> [WORK ORDER]:
For the data below, give again exactly the lines from the one containing "Koi Carp Cute" through the one containing "Bolsa Feminina Ombro", both ends included, and no others.

> [EXERCISE MATERIALS]:
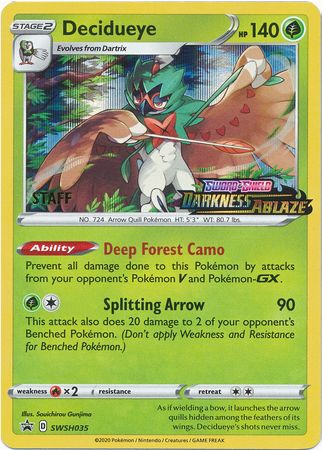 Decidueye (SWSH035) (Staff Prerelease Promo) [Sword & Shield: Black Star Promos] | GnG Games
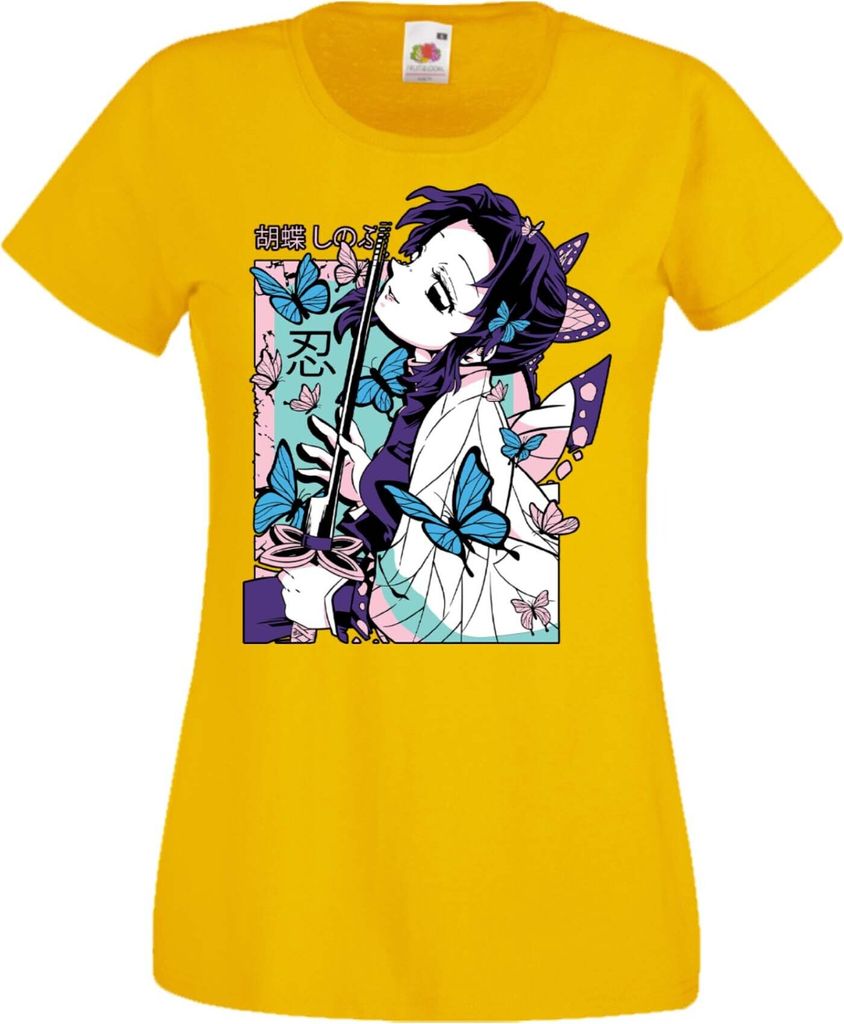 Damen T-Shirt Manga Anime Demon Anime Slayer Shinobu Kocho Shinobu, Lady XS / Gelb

--

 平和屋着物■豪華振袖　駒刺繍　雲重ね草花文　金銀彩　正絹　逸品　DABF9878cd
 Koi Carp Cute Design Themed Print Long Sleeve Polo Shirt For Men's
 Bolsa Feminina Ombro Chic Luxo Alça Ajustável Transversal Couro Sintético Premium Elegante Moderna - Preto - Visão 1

> [YOUR RESPONSE]:
 Koi Carp Cute Design Themed Print Long Sleeve Polo Shirt For Men's
 Bolsa Feminina Ombro Chic Luxo Alça Ajustável Transversal Couro Sintético Premium Elegante Moderna - Preto - Visão 1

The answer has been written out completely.